The Wreck of the DH Ingraham

2019 2 The Wreck Of The Dh Ingraham
Photo by Michael Zuccato MZP (www.facebook.com/michael.zphotography.96)

In 1871 the U.S. government officially formed the Life-Saving Service and placed its administration into the capable hands of a man named Sumner Increase Kimball and a host of lighthouse keepers and “surfmen” along the coastal United States.  You might occasionally hear a 21st century surfcaster refer to himself and his buddies as “surfmen” but the original 19th century surfmen would row, not cast, into the teeth of angry nor’easters.  And not for fish mind you, but for life and limb.

The Coast Guard has a motto, “You have to go out, but you do not have to come back.” According to an eyewitness account, on December 4, 1886, Capt. Christopher Ludlam of the Hereford Inlet lighthouse (Li-Ho) in New Jersey uttered very similar words during a raging nor’easter that left a lime-laden schooner out of Rockland, ME called the DH Ingraham foundering along the North Bar at Hereford Inlet.

In an 1888 letter to S.I. Kimball, Li-Ho keeper Freeling H. Hewitt said Capt. Ludlam had assembled his crew on the beach after the Virginia-bound schooner had run aground about a mile and a half from the lighthouse at around 10:30 p.m. during a northeast snowstorm.  “Boys we have a bad job ahead of us, the sooner we get-at-it the sooner it will be done,” Capt. Ludlam told his Life Saving Station (LSS) crew as per Hewitt’s recounting of the evening’s events.

2019 2 The Wreck Of The Dh Ingraham Medal
Photo by Jim Hutchinson, Jr.

“Not a man faltered but went to work with a will showing by their actions that they were intent on saving the crew of the wreck although conscious that any miscalculation or missed strokes at oar would prove fatal to the whole LSS crew,” Hewitt wrote in his letter to Kimball. “Soon after launching the wind increased in fury and snow to a blinding storm only being able to see torch of wreck at intervals.”

Guided only by a torch, the Hereford surfmen reached the burning and sinking vessel, taking the Ingraham’s captain and four crew members onboard their surf boat with only minutes to spare.  “At 1 a.m. on December 5, the surf boat reached our beach and the rescued crew were soon at the station where they received proper attention,” Hewitt said, describing the Ingraham as subsequently driven across the bar and sunk.

The New York Herald later ran a letter from the Ingraham’s skipper, Capt.
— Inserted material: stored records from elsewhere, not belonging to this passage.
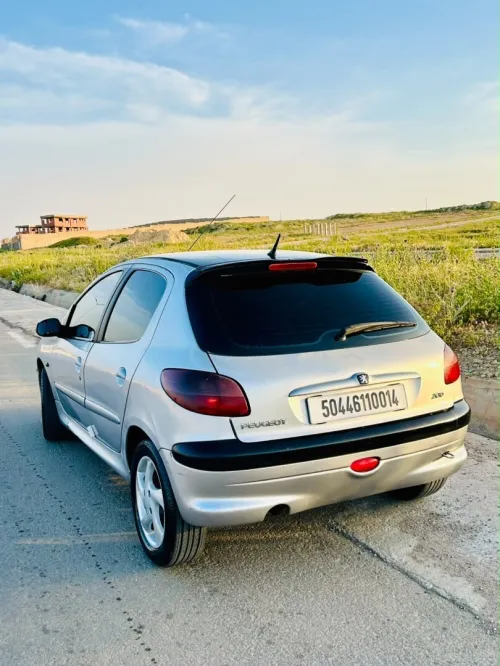 Peugeot 206 2000 206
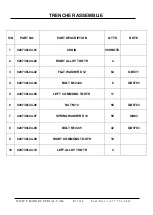 Preview for 18 page of TMG TMG-SDT36 Product Manual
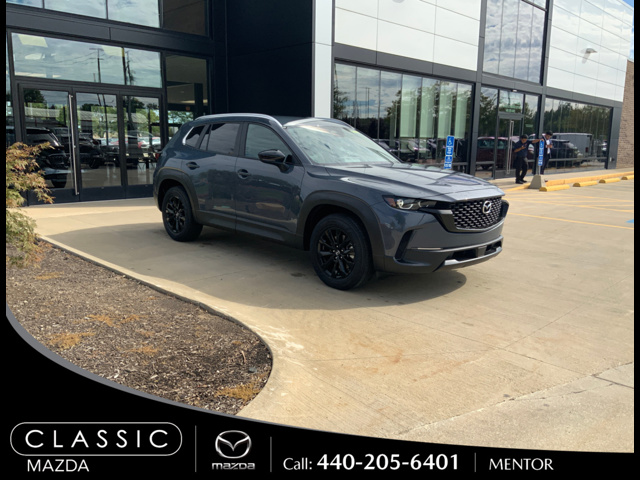 2025 Mazda CX-50 Select's photo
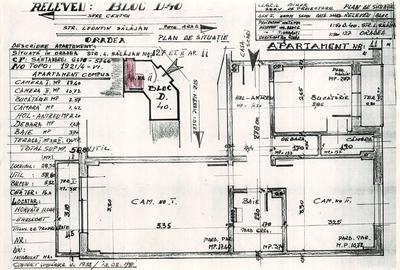 Apartament 2 camere, 54 mp, Calea Aradului, dubla orientare - 1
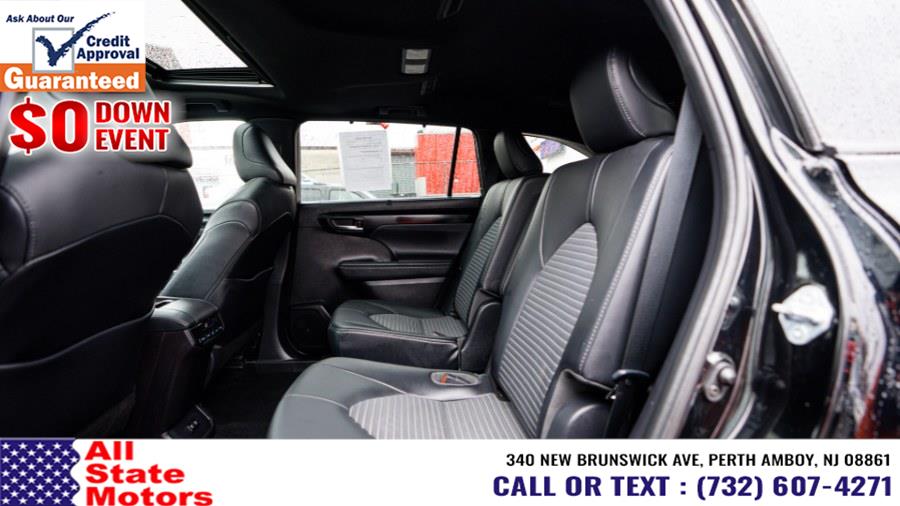 2021 Toyota Highlander XSE AWD (Natl), available for sale in Perth Amboy, New Jersey | All State Motor Inc. Perth Amboy, New Jersey 2021 Toyota Highlander XSE AWD (Natl), available for sale in Perth Amboy, New Jersey | All State Motor Inc. Perth Amboy, New Jersey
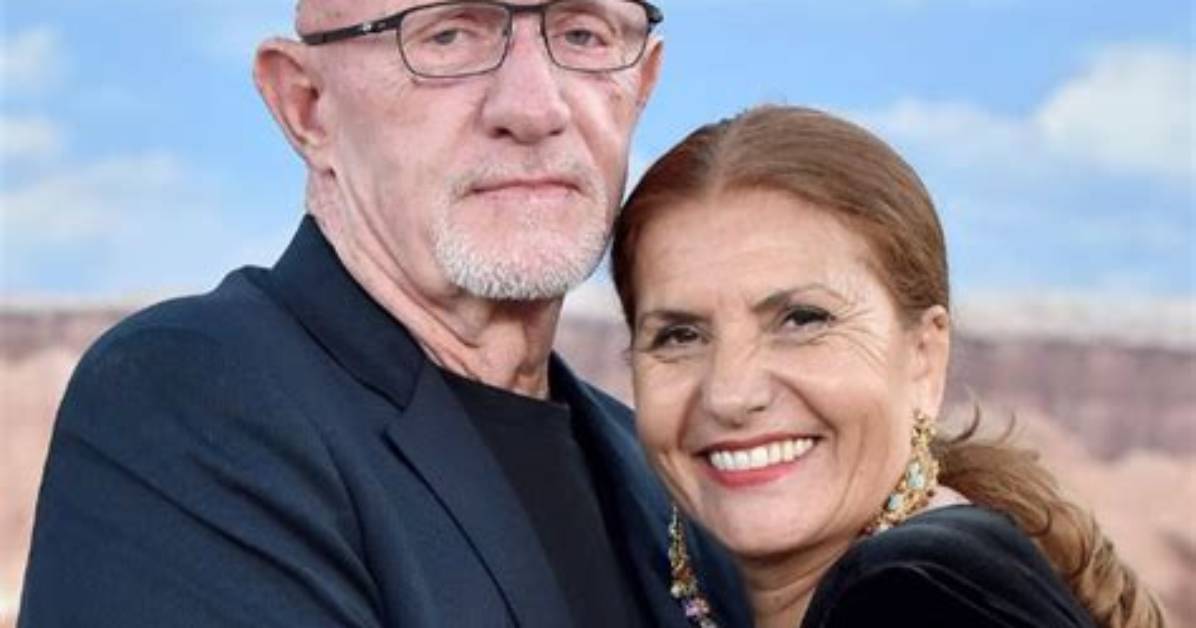 Gennera Banks Is Jonathan Banks' Wife- Bio, Age, Other Unknown Facts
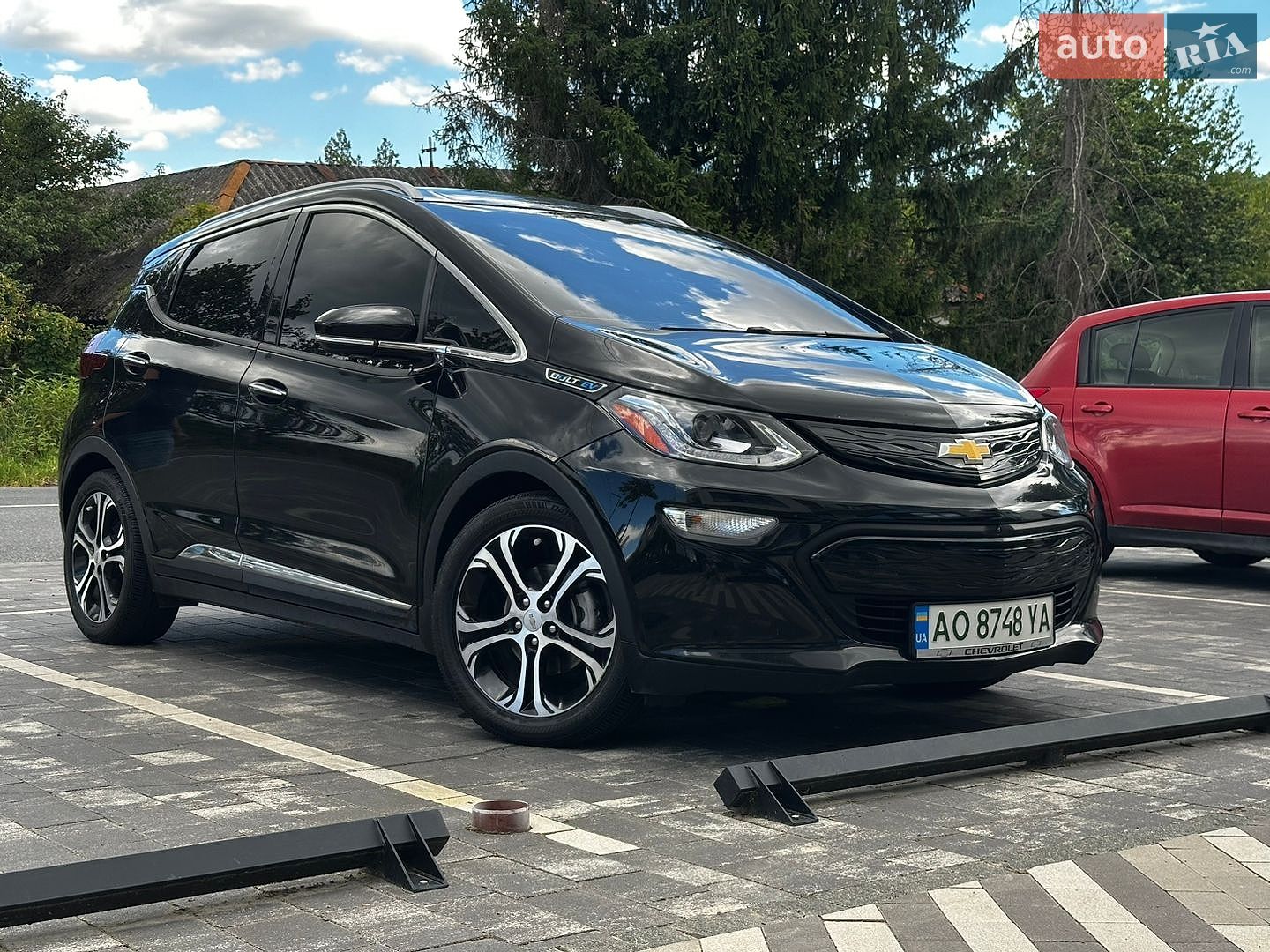 Chevrolet Bolt EV 2020 VIN 1G1FZ6S09L4142062 фото оголошення 3 з 51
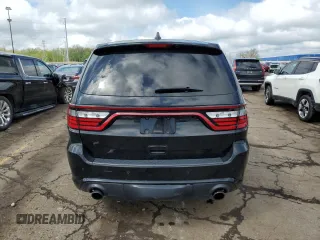 2018 Dodge Durango SRT with VIN 1C4SDJGJ7JC209575, listed as a Copart auction lot 56044395 with 101,629 mi miles and Clean title. Bid and sale history available at DreamBid. Image 6.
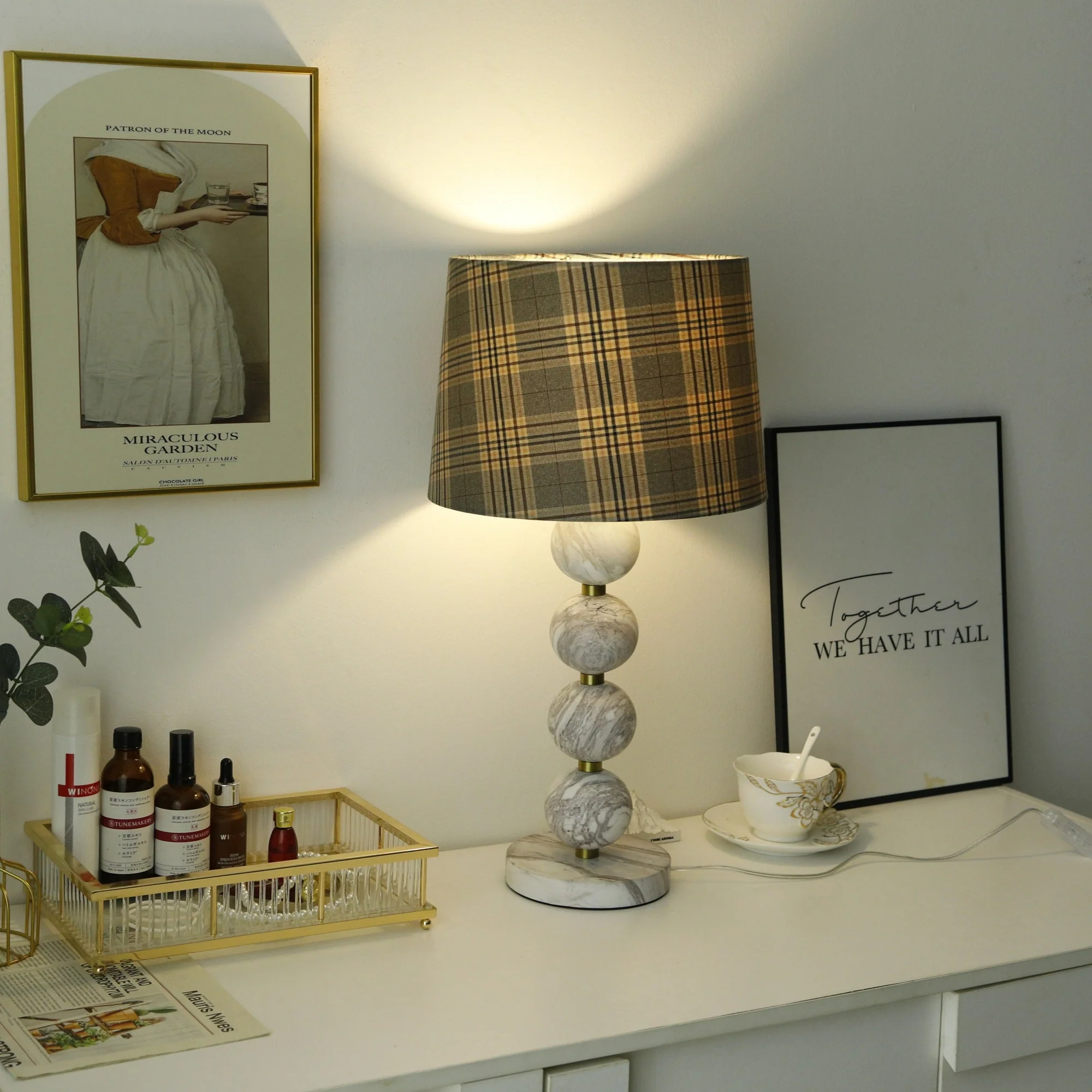 Marbliss Table Lamp - Image 2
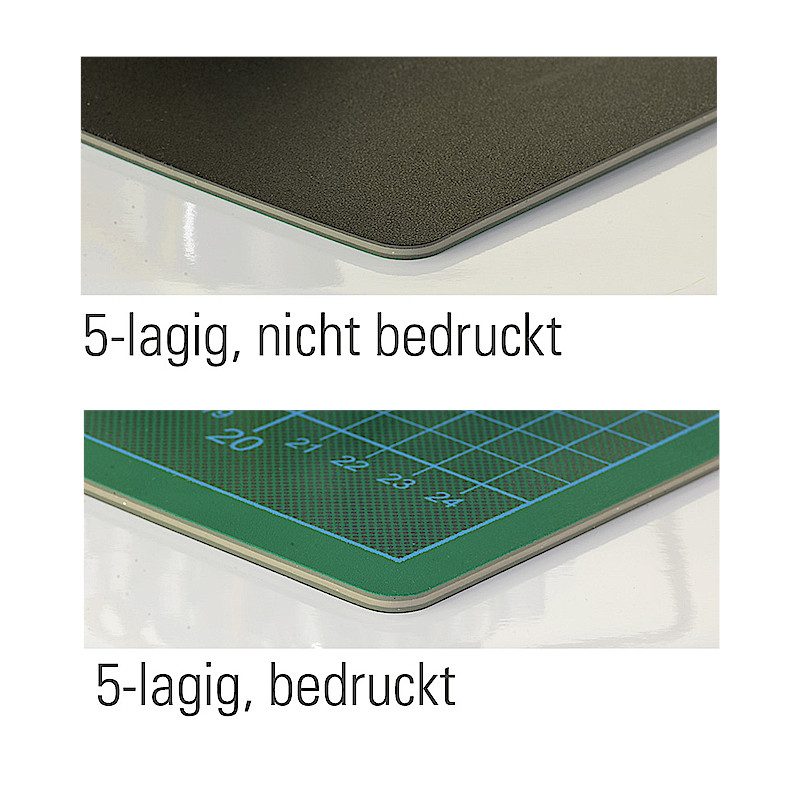 ecobra-twin-schneidematte-30x22-cm-gr-n-schwarz-selbstheilend image 7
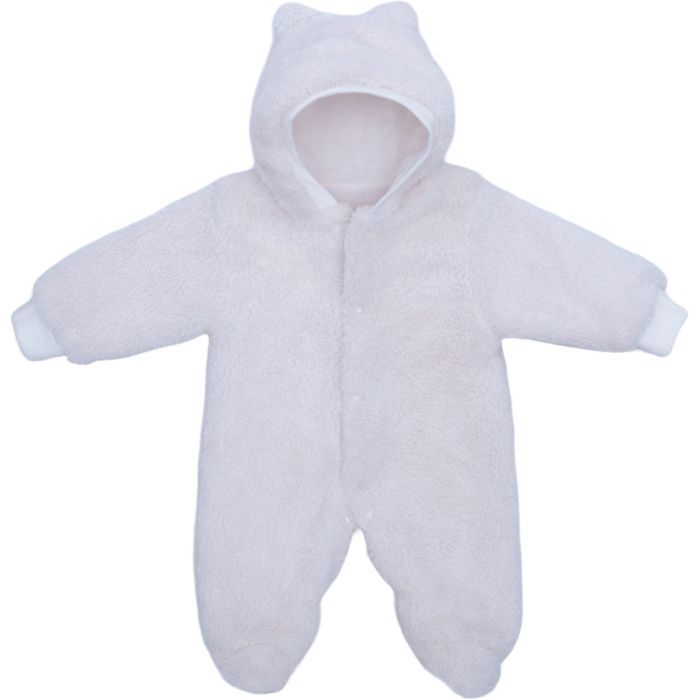 Комбинезон детский Интеркидс с ушками ПУШОК Фото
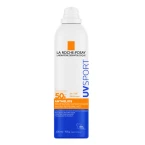 La Roche-Posay Anthelios UVsport nevidni osvežujoči sprej za zaščito pred soncem -  ZF 50+,  200 ml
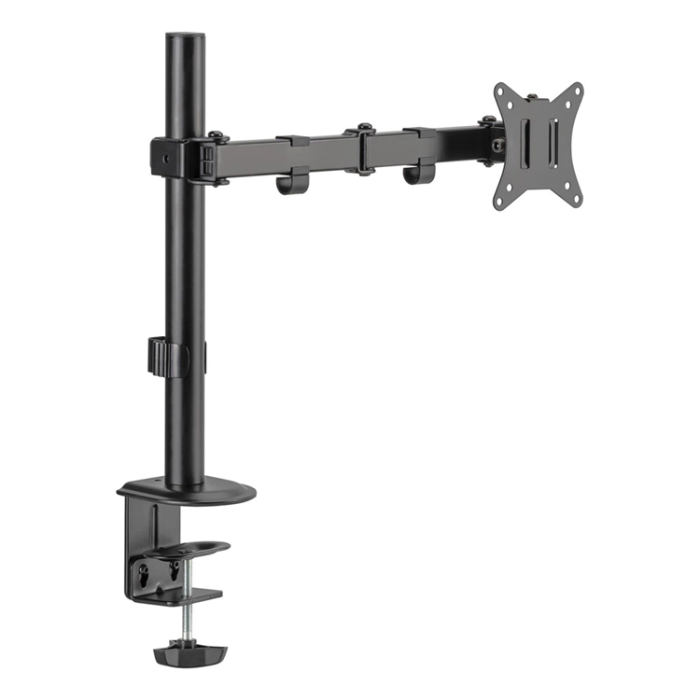 Silver Monkey - Silver Monkey Skrivbordsfäste för 17-32'' monitor - Svart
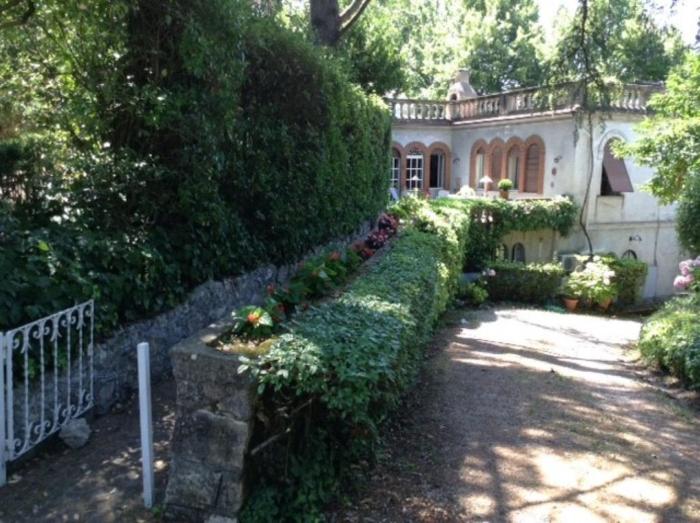 Villino a Fiuggi con Giardino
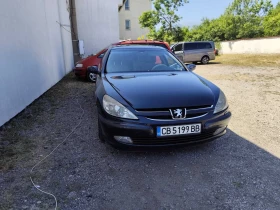 Peugeot 607 3.0 V6 | Mobile.bg    2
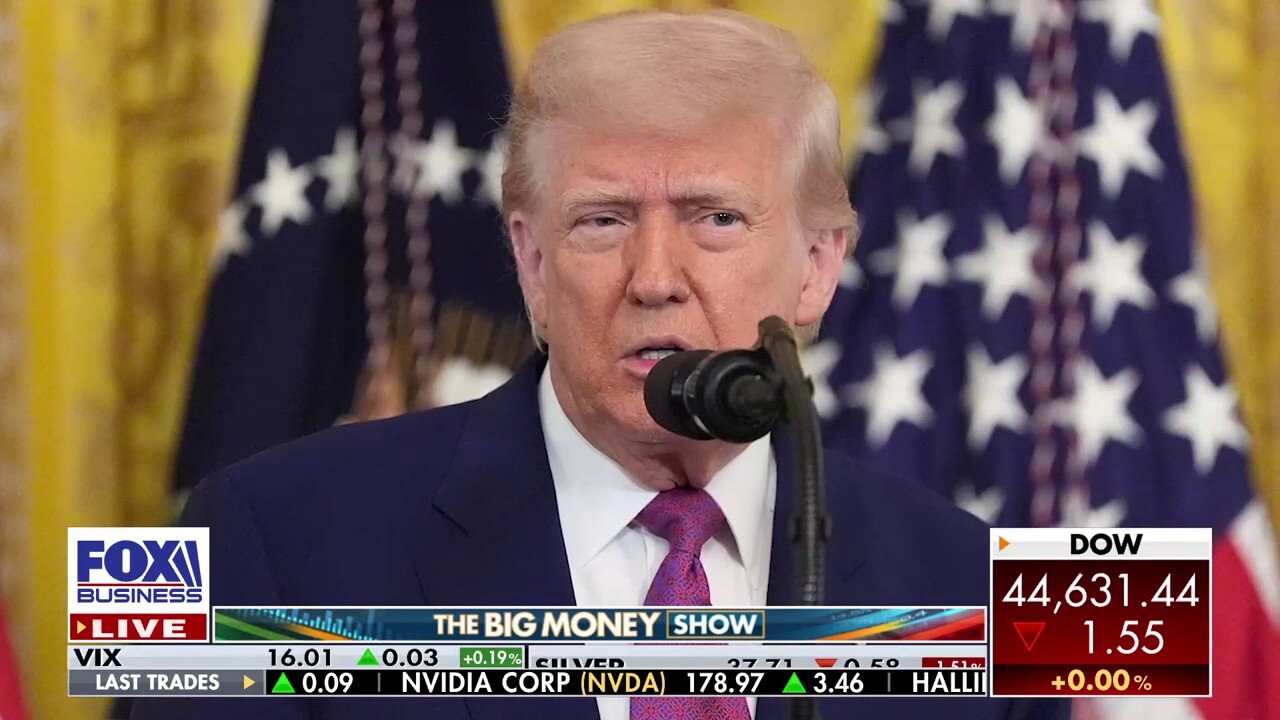 'The Big Money Show' panel discusses the Fed's interest rate plan and the success of President Donald Trump's tariff strategy as more economic wins roll in for the nation.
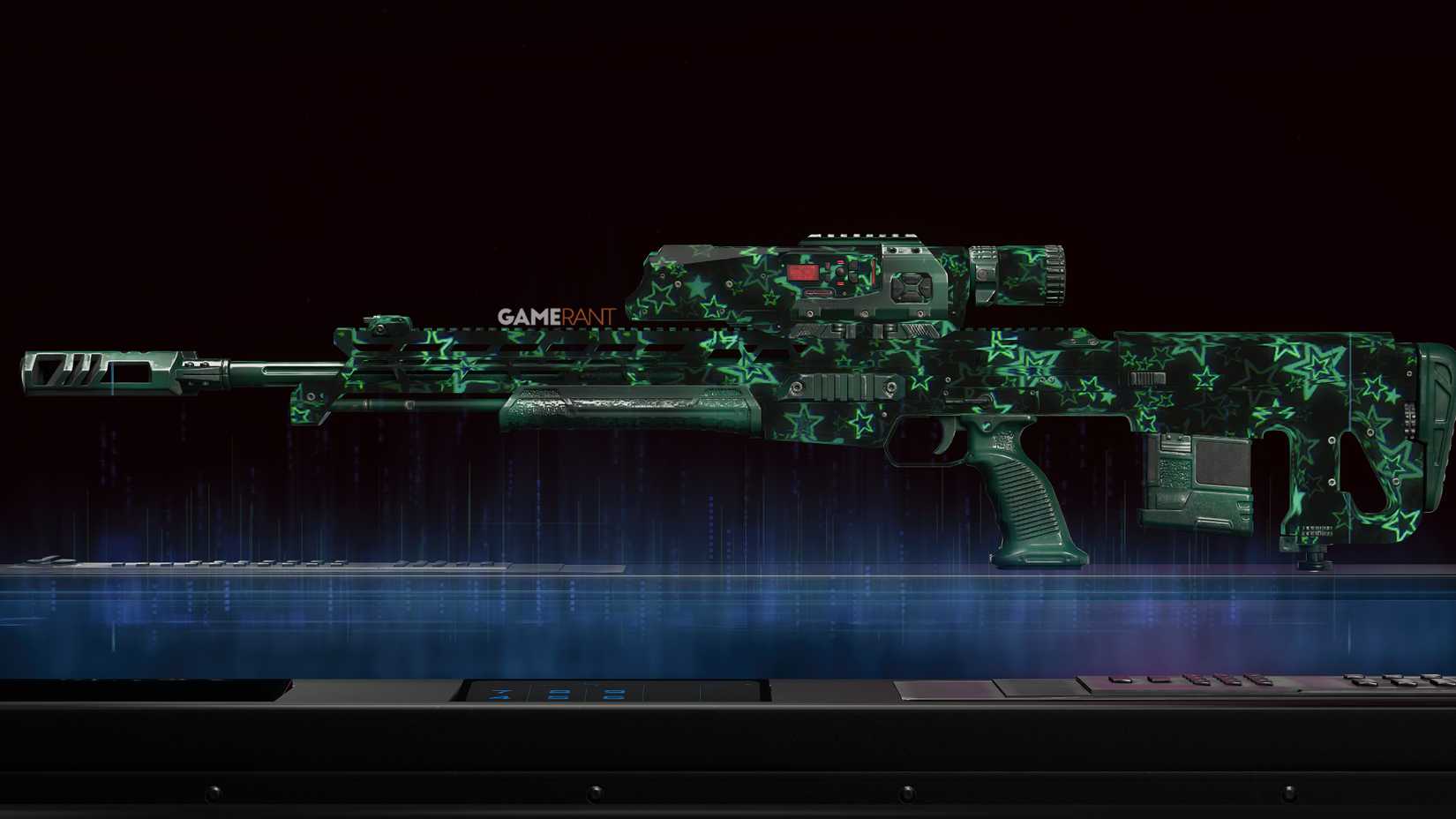 Nightlight Camo Preview in Black Ops 7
James Mullen, on behalf of his crew that was saved that frigid evening off the Cape May County coast.

“As our striking so far off the beach, about a mile and a half, we could scarcely expect the life-saving crew to come to our assistance before daylight; but Captain Ludlam, seeing our pitch and oakum torches burning, and knowing our perilous position, was equal to the occasion, and after a hard row of two hours succeeded in coming alongside and taking us off the vessel, which was on fire,” Capt. Mullen wrote. “Realizing that an hour’s delay would have compelled us to take to our own small yawl-boat we can never forget the brave deed of this captain and crew.”

In March of 1889, Ludlam was officially awarded a gold congressional lifesaving medal for his service that night, with silver medals bestowed upon his crew members Jason Buck, Miller F. Ware, Somers C. Godfrey, Smith S. Hand, Providence Ludlam and Henry W. Hildreth.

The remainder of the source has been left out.